As far as methanol, I am very enthusiastic about methanol possibilities. I have written a number of columns on that (I am guessing you found me as a result of one of those columns) and I promoted methanol in my book Power Plays: Energy Options in the Age of Peak Oil. What methanol lacks is enough political support. If it had the political support of corn ethanol, methanol could have already made an enormous contribution to U.S. energy supplies.
I am aware of that route for making methanol, and of Olah’s books, but I am wondering whether anyone has even constructed a pilot facility for producing methanol from CO2? I would expect that the low concentrations in the atmosphere would be a problem, and really what you would want to do is capture the emissions from a fossil-fuel power plant.
Cheers, Robert Rapier
Here is his reply back to me:
Email: jbockris@cox.net
Saturday, September 22, 2012
Robert Rapier: rapier@energytrendsinsider.com
Dear Dr. Rapier:
Thank you for your letter of September the 11th. I’d just like to add about methanol as a fuel. I’m fully in favor of it. In fact I wrote an article about it in 1975 and included it in one of my books in 1980. In both those cases I mentioned the possibility of the large scale used but in the end I preferred hydrogen because at that time I was not convinced that the cost of it including the storage at high pressure and the reconversion to electricity would be too much.
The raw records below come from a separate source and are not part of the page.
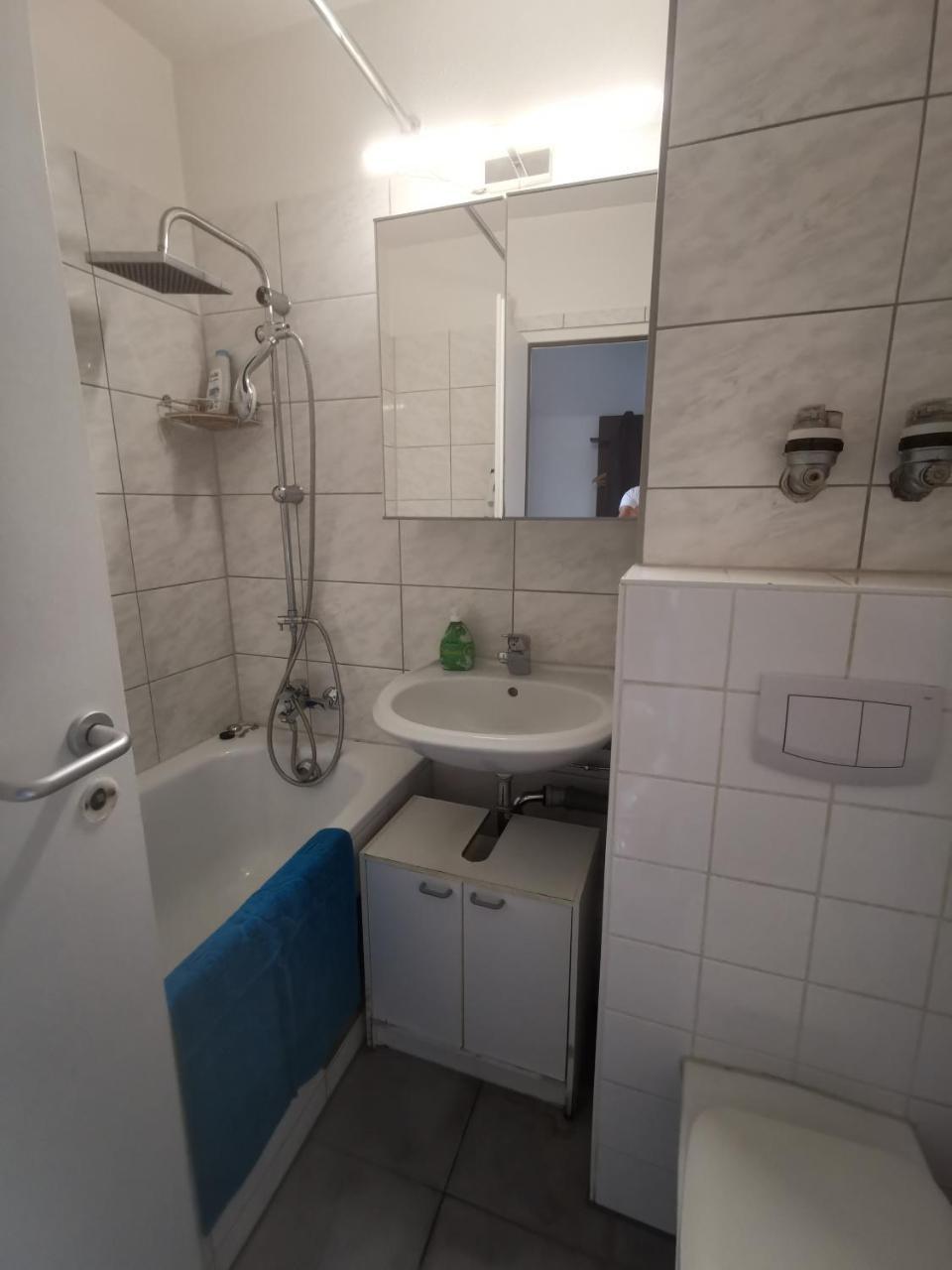 Nahe U-Bahn U3, 15 Min Zentrum 1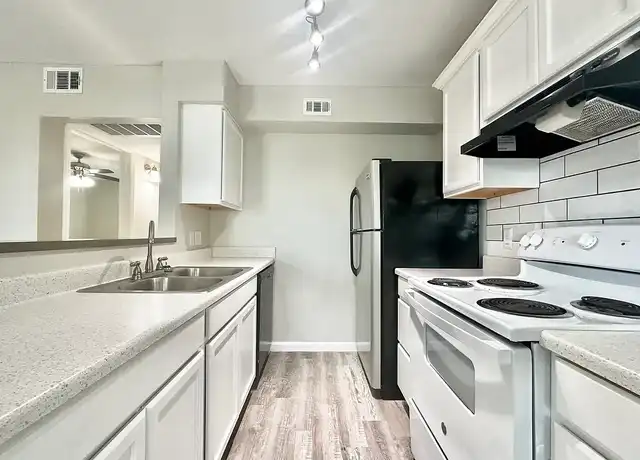 Property at Crestview Place - 7304 Twin Crest Dr, Austin, TX, 78752, 2 beds, 1 bath, [object Object]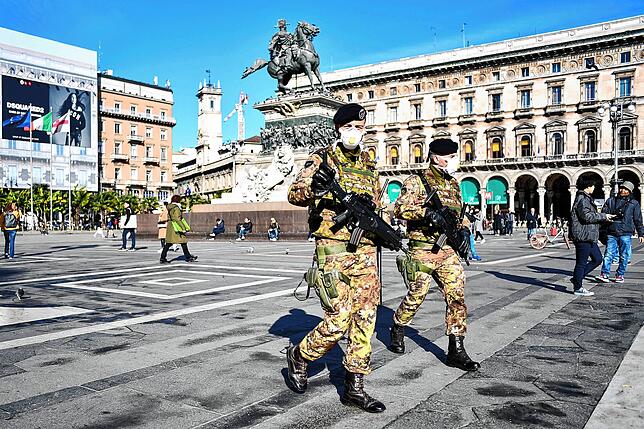 Soldaten in Mailand patrouillieren mit Mundschutz über den Domplatz.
There is one point about methanol that adds to what Olah and his very helpful and excellent books he has written. It depends on how you make the methanol and if the hydrogen you use comes from electrolysis only and the electricity used for the electrolysis of a renewable, then of course your hydrogen is both clean and also helpful for the furthering development of methanol. Then we’re going to use the direct method for methanol hydrogen conversion and there are plenty of papers on that in the United States now although until about 2000 there was mainly a reaction investigated in Japan and needs a catalyst.
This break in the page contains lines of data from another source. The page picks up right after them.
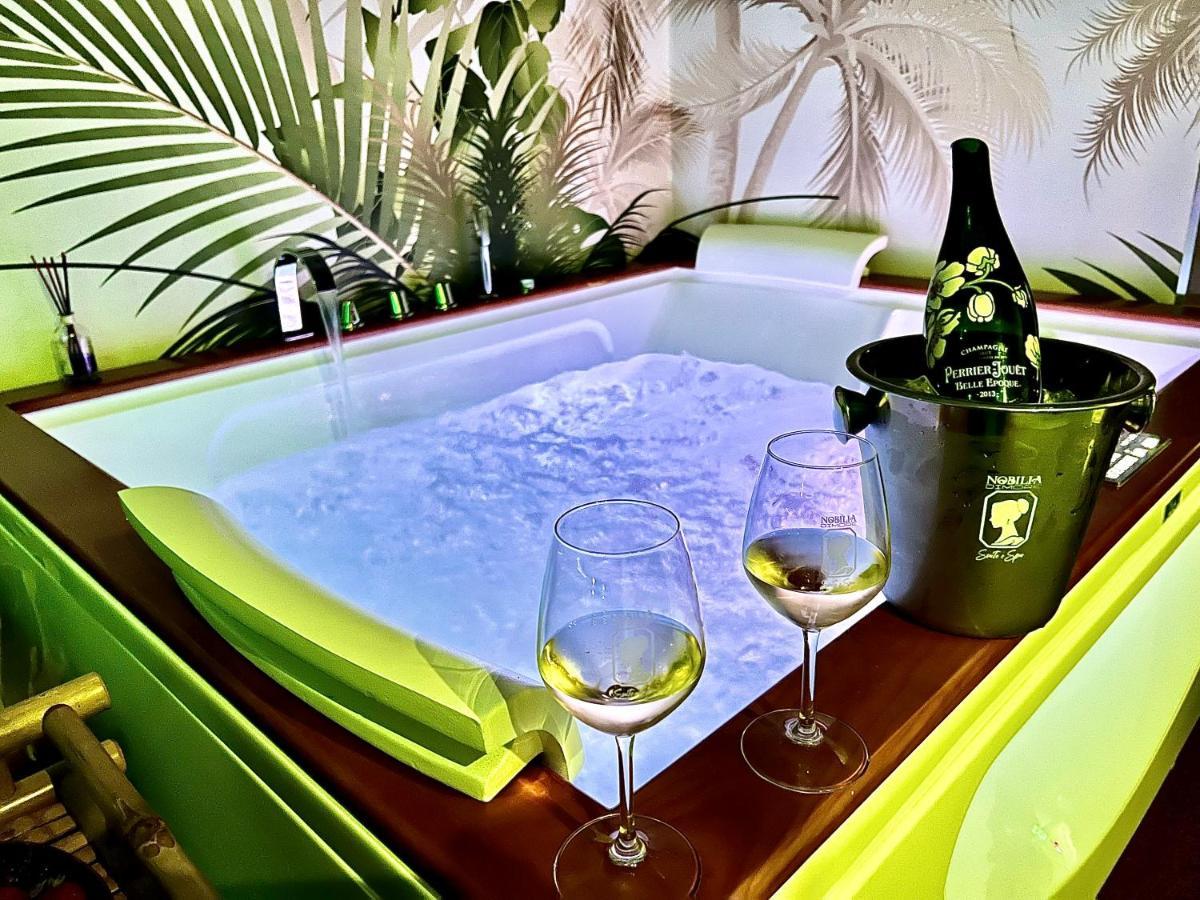 Nobilia Dimore - Suite & Spa スティーア エクステリア 写真
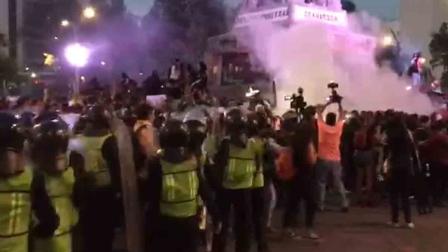 Vandalismo presente en marcha 'Ni Una Menos' pese a llamado a no violencia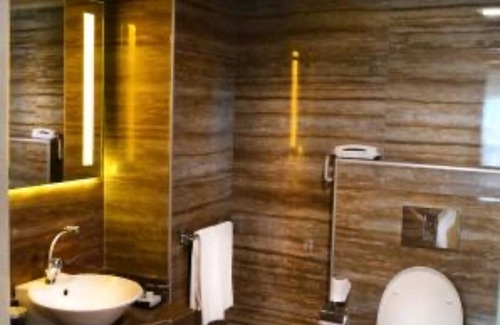 Barclay-Kingston Apartment | Cozy 1-bedroom apartment in charming Cherry Hill with AC, WiFi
There is one extra thing one has to be careful thing and that is from where one gets the CO2. It has to be in a stream so it would be very difficult to get it from the atmosphere directly, but of course CO2 from the atmosphere is trapped in all sorts of ways in the atmosphere and in a general way is represented by the biomass formation equation:
H2OAt + CO2At –>CH2OAt + O2
There are very large resources of this kind in nature in all kinds of ways and I feel that one would develop, according to what was available in the environment taking these materials and making them into something suitable for transport to the gas stations where the CO2 containing bricks would be burned to produce CO2. Of course there might be some purification process on the way here because burning the biomass bricks is not going to produce pure CO2.
The pure CO2 (underneath the gas station) would then be combined with the hydrogen from electrolysis.
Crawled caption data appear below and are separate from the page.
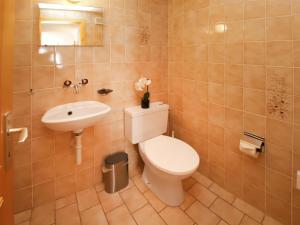 Bagno di Apartment Colline 8 by Interhome
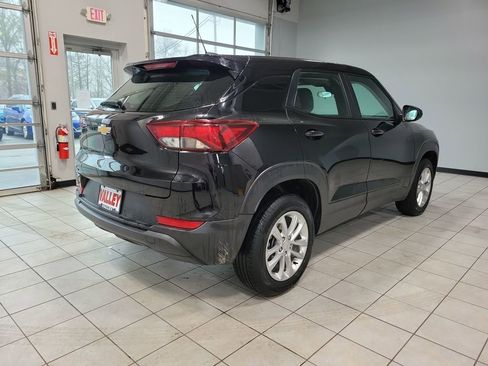 Used 2024 Chevrolet TrailBlazer LS image 11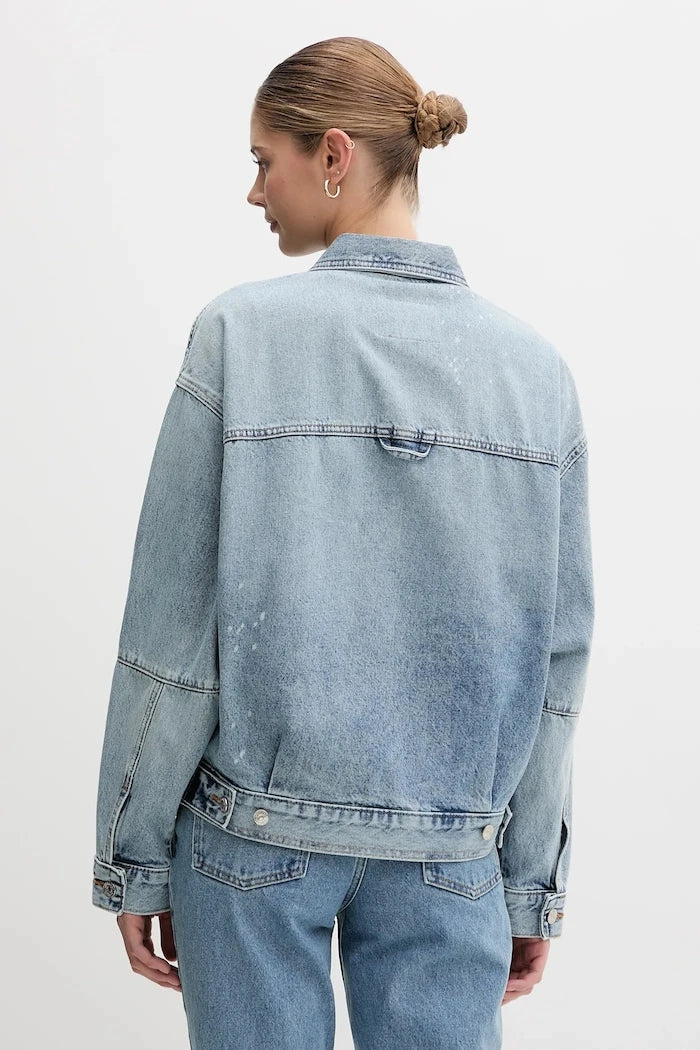 Дънково яке Calvin Klein Jeans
Now, comes the good part. The CO2 you use here comes really from the atmosphere. So when you burn the methanol which has the CO2 in it, you’ve taken a molecule of CO2 from the atmosphere and by burning it in the fuel, put it back again. There’s no net use up of CO2 and no global warming!
You’re quite right in hinting that the major problem here is the political side and I’m sure that’s much more for you to suggest than me. I’m a physical chemist and I’ve never been a politician, but I guess finally we may be able to get it in people’s minds that they do face dangerous global warming within ten years if we continue to pump CO2 into the atmosphere. Indeed in places like Saudi Arabia and Iraq they have dangerous temperatures, e.g., 123°F and this will come much sooner than ten years from now in the summer.
If I can do anything to help you in anything to do with methanol and Professor Olah, I stand at your service.
Good wishes.
Sincerely,
John O’M. Bockris
Retired Distinguished Professor, Department of Chemistry, Texas A&M University, 1978 to 1997; Professor, Department of Chemistry, University of Pennsylvania, 1953 to 1972.